Sometimes in life, the best things are right under your nose. Dabbous had been on my work doorstep for years, but time got away from me and I just never got around to visiting. Getting a job in Moorgate meant that the weekday lunch menu was no longer possible, so another couple of years went by. However, a career change has recently relocated me to Fitzrovia, so Ollie Dabbous and Oskar Kinberg’s joint venture was my first on my lunch list. The pair – who met at the Cuckoo Club where the latter was bar manager – launched Dabbous in 2012, going on to win their first Michelin star the following year.
Ambiance and decor
Distressed discretion is the description that comes to mind when I think of the exterior: an imposing doorway, no terrace or awnings and windows with rusty-looking panels underneath. Inside, there are two floors, with the restaurant at ground level and Oskar’s Bar in the basement. Crossing the threshold here is like leaving Fitzrovia and being transported into the heart of Shoreditch. This is industrial chic as its best, so instead of white linen, fancy artwork and luxurious lighting and fittings, you get naked tabletops, bare concrete walls and wires wrapped around metal frames with lightbulbs dangling at the end of them.
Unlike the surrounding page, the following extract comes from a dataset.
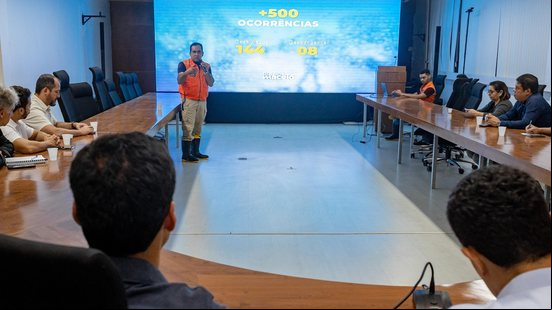 Imagem Chuva em Maceió: JHC reúne secretários e pede reforço em força-tarefa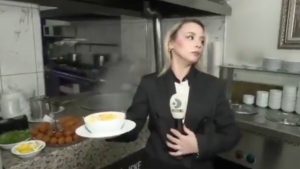 Muhabirin sakatat restoranında koku ile imtihanı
The bar is similarly sparse, with exposed brickwork and a large vent looming overhead. While this may sound a tad gloomy, sunlight pours through the restaurant’s large windows, making it feel spacious.
I arrived slightly before my friend (RP), was greeted by the hostess then shown to my table. It was a lukewarm welcome, but better than the stony-faced greeting RP received after which he was left to walk over alone. Service improved slightly during the meal yet remained aloof, and our water glasses weren’t refilled at any point. It also took a while to settle payment, despite it not being very busy that day.
Food and drink
Many Michelin-starred restaurants have set lunch menus, which are incredibly good value for money and make the experience more accessible. Dabbous offers 2 options: £28 for 3 courses and £35 for 4. While we were tempted to be gluttonous, we eventually decided to be reasonable; there’s always a first time for everything. To celebrate my new start, we kicked off the afternoon with a glass of champagne (Charles Heidsieck, Rosé Reserve) as we tucked into slices of warm, buttered bread and olives.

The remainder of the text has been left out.